ORANSSI PAZUZU, Muuntautuja
Non siamo tutti chi un po’ più o chi un po’ di meno / siamo tutti tutti tutti completamente pazzi, diceva Capovilla col Teatro Degli Orrori, e non aveva ancora ascoltato gli Oranssi Pazuzu.
Per essere al passo col resto del mondo, la recensione doveva uscire due settimane fa, ma temo di non aver capito mezzo cazzo di Muuntautuja (“mutaforma”), che proprio per questo è un disco fantastico. Ci sono grossomodo due tipi di pezzo in Muuntautuja, che – sì, è vero – è più elettronico dei suoi predecessori e in qualche modo che non mi è chiaro (perché non so suonare) non sembra sempre costruito da musicisti rock, ma del resto la band non ha mai nascosto di basarsi spesso su improvvisazioni, così come a pensarci bene non ha mai fatto finta di non essere influenzata dal kraut e dunque da un certo certo tipo di roba alla base di tanta c.d. musica elettronica. Il primo tipo di pezzo è quello matto mattissimo come Robin Williams da giovane, spinto dal basso o dal synth che fa il basso, traboccante rumore e una voce scorticata, squarciato all’improvviso da eccezionali riff primitivi, per certi versi accostabili a quelli black metal, ma è vero fino a un certo punto. Ok, ci sono stati i Dodheimsgard di 666 International, ma si vede che sono passati 25 anni, perché oggi gli Oranssi Pazuzu possono andare oltre, basare tutto sul groove (come i Manes di Vilosophe) e non farsi problemi a invadere ogni frequenza uditiva possibile, come se fossero i The Body o i My Bloody Valentine. Il secondo tipo di pezzo, che di solito arriva a farci riprendere fiato dopo il primo, è quello più lento, più atmosferico, psichedelico, buio (nel senso di buio dello spazio profondo), per cui l’etichetta ha addirittura tirato in ballo il trip hop, che può starci come lontano termine di paragone per dare un’idea del tipo di “passo” che hanno i brani. O forse qualcuno stava pensando a “Machine Gun” dei Portishead, e allora quasi quasi ci sto.

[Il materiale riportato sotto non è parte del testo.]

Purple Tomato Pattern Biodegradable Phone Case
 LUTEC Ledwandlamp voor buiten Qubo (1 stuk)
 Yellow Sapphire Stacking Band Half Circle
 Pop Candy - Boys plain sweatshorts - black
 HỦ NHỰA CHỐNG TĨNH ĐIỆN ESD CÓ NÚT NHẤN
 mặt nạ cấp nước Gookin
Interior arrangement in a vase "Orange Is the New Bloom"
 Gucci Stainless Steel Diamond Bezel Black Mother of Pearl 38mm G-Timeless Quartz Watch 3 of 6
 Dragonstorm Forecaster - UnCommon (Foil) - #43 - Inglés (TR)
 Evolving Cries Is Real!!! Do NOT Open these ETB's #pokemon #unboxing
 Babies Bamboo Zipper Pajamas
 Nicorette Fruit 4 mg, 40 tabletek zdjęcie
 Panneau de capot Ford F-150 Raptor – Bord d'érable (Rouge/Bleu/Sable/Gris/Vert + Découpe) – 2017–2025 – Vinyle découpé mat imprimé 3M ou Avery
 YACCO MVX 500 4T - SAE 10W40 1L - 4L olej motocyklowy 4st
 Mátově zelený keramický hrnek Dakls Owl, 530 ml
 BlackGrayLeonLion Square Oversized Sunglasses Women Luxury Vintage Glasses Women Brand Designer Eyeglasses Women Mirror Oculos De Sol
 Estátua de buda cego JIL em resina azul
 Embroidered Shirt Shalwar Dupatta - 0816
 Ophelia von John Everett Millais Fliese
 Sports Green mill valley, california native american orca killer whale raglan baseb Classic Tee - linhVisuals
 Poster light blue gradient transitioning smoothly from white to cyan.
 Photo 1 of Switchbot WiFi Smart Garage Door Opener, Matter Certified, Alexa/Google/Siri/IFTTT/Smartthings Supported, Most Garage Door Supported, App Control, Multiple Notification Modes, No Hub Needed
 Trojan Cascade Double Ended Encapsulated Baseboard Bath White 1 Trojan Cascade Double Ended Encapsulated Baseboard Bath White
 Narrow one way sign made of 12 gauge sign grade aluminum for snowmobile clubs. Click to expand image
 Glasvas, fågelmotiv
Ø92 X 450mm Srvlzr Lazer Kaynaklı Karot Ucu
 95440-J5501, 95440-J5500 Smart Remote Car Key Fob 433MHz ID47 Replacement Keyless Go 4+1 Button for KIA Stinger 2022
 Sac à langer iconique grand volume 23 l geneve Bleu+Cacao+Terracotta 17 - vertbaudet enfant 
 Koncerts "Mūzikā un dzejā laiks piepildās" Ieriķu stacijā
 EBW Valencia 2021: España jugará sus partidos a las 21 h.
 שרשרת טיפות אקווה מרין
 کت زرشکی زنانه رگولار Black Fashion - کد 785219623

La verità è che se non si sovranalizza e se non si hanno aspettative metal in senso stretto, è sufficiente che per un attimo le difese dei pregiudizi si abbassino e da lì è tutta una discesa. “Basta un solo giorno sbagliato per portare il più sano degli uomini alla follia. Ecco quanto è lontano il mondo da dove sono io. Un unico giorno sbagliato”. Così, più o meno, dice il Joker di Alan Moore: credo valga anche con questi Oranssi Pazuzu.